Bumblebee species have different length tongues that are adapted to feed from different shaped flowers. For example, the longest tongued species, Bombus hortorum, prefers deep flowers such as honeysuckle and foxglove.
In general, avoid plants with double or multi-petalled flowers. Their flowers are filled with petals and pollinators find them difficult to access.
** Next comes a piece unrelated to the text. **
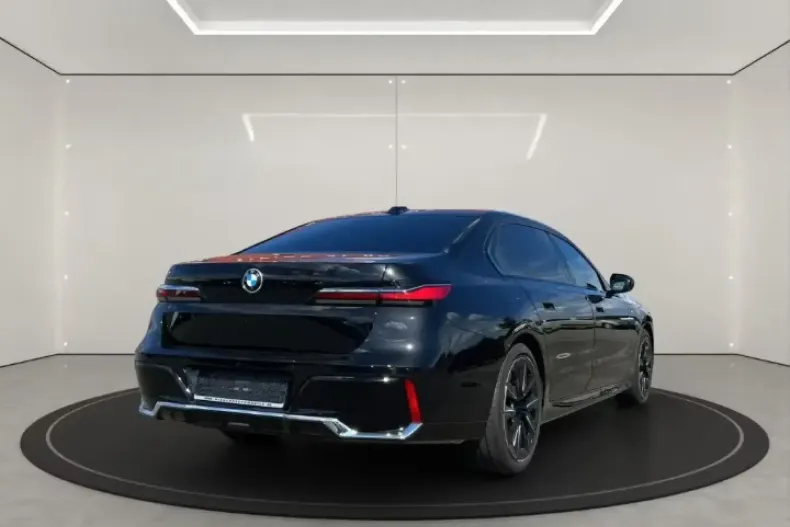 BMW 740 din 2024 cu 19.800 km - oferta BMW152815 - foto 4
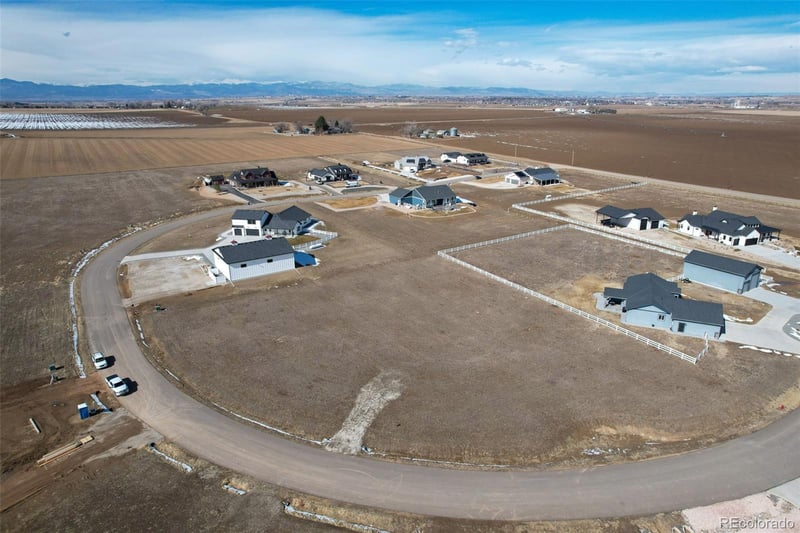 9411 Meadow Farms Dr, Milliken, CO 80543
These flowers also often lack nectar and pollen.
Choosing the right plants is an important design tool, especially if you’re looking to create a nature- friendly garden. In an eco-friendly garden, the best plants will provide food and shelter, creating perfect habitats for beneficial wildlife. Choose lots of local berry-producing plants and trees, such as hawthorn, which might be growing nearby, as birds and insects will already be used to them, so they’ll visit your garden more frequently if you grow them.
Hedges are more beneficial than walls and are ideal nesting sites as they offer protection from predators. Climbers, particularly ivy, provide both protection and a rich source of nectar in autumn/winter when there is little food around. Even nectar-rich, open-faced flowers such as echinacea and buddleia will make a difference. These are preferable to modern double flowers that don’t have proper nectaries to feed garden-friendly insects.
The key principle to planting is always putting them where they’re happiest. Contented plants take care of themselves, but stressed ones need constant feeding and watering. Matching the right plant to the right place will also help keep garden maintenance time to a minimum.
The Covid-19 oandemic has caused many of us to stop moving and stay home. With it has come a renewed appreciation for our gardens and the lifeline that nature provides. Now, connectivity with nature is more important than ever before.